What Is The Purpose Of Discipline?

What is the purpose of discipline_

What is the purpose of discipline? 

Discipline must come through liberty. . . . We do not consider an individual disciplined only when he has been rendered as artificially silent as a mute and as immovable as a paralytic. He is an individual annihilated, not disciplined. 

Maria Montessori

Discipline, in popular usage, refers to making people obey rules or standards of behaviour, and punishing them when they do not. (Collins Dictionary) 

The more traditional meaning and according to the American Heritage Dictionary, discipline refers to “training that is expected to produce a specific character or pattern of behaviour, especially training that produces moral or mental improvement.” 

Some schools tend to think that discipline and punishment are synonymous. You only need to examine a school’s discipline policy to find multiple references to detention, in and out of school suspension, expulsion and restitution. Rarely does the policy include the explicit teaching and reinforcement of appropriate behaviours. 

So why do we want our students to know how to behave appropriately? 

Do we want our young people to be compliant so that we can teach our content area and have quiet, well-managed classrooms? 

To some degree, yes!  

When students have good self-regulation skills, it is easier for us to teach, and students are more successful in their learning. 

Discipline however, is not a goal unto itself. When we consider the needs of the whole child and their successful integration in society we want far more for them than compliance.  

Teaching students appropriate behaviour goes hand in hand with learning essential social and emotional skills.
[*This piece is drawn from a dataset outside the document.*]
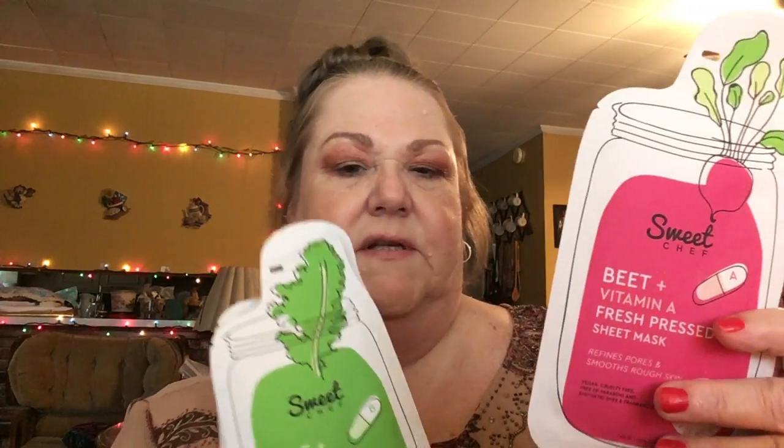We got three masks from Sweet Chef — A, B, and C. A is beet plus vitamin A, B is kale plus B Fresh which hydrates and soothes dry skin, and C is ginger plus C which brightens dark spots and uneven tone. They're all vegan, cruelty free, and paraben free. I love the effects of all three.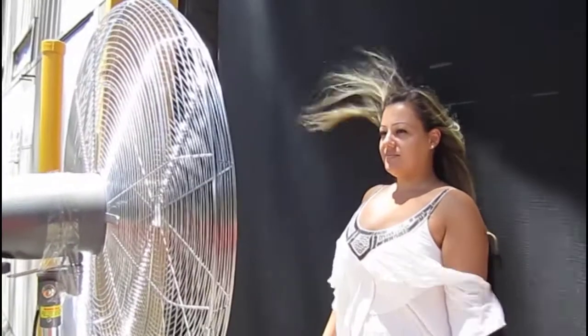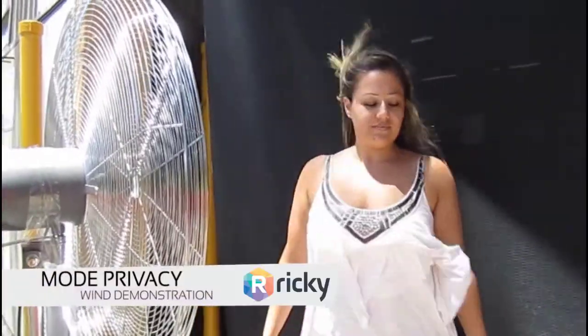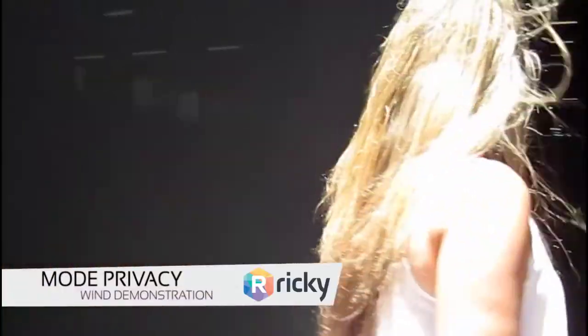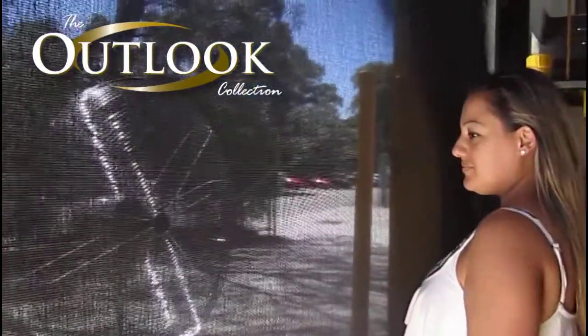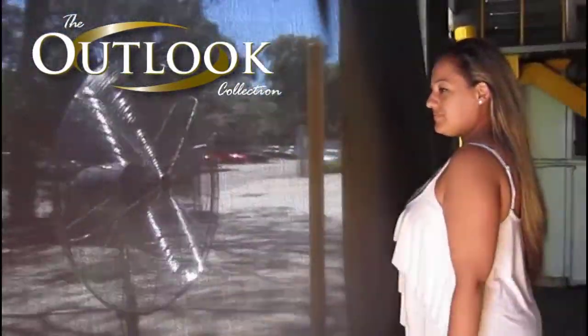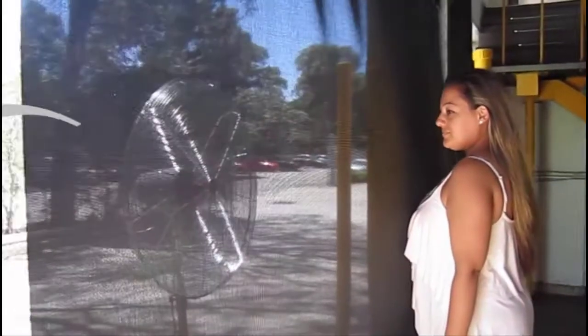In this video, we have simulated the wind reduction capability of Mode Privacy Mesh using an industrial strength fan. As Enza moves to the other side of the screen, you can see that the amount of wind has reduced significantly and is almost non-existent. Some very slight air movement shows that fresh air can still pass through the fabric, which is the purpose of a mesh fabric solution.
These skills equip young people with strategies and understandings to navigate the world in an effective, dignified and caring way.   

The core competencies are well documented in the Collaborative for Social and Emotional Learning (CASEL): 

  1. Self-Awareness: Being able to identify your own emotions and thoughts and understand how they impact your behaviour.
  2. Self-Management: Being able to successfully regulate your emotions, thoughts, and behaviours in various circumstances.
  3. Responsible Decision Making: Being able to make productive choices about your own behaviour and social exchanges based on ethics, safety and social norms.
  4. Relationship Skills: Being able to build and maintain healthy and satisfying relationships with diverse individuals and groups.
  5. Social Awareness: Being able to see a variety of perspectives, empathise with others’ points of view, including those from diverse backgrounds and cultures. 

When there is a whole school approach,  

“Teaching of SEL (social and emotional learning) permeates every part of school life and focus, from the interactions between staff and students, to curriculum choice and classroom pedagogy”. (CASEL) 

In addition to these capabilities we teach students appropriate behaviour so that they: 

  • can learn effectively 
  • know how to cooperate with others in a social and academic setting 
  • have strategies to manage conflict  
  • develop a strong sense of self-efficacy and high self-esteem 
  • develop skills of independence 

Discipline takes on a radically different perspective when teachers understand that poor behaviour is a lack of appropriate social and emotional skills.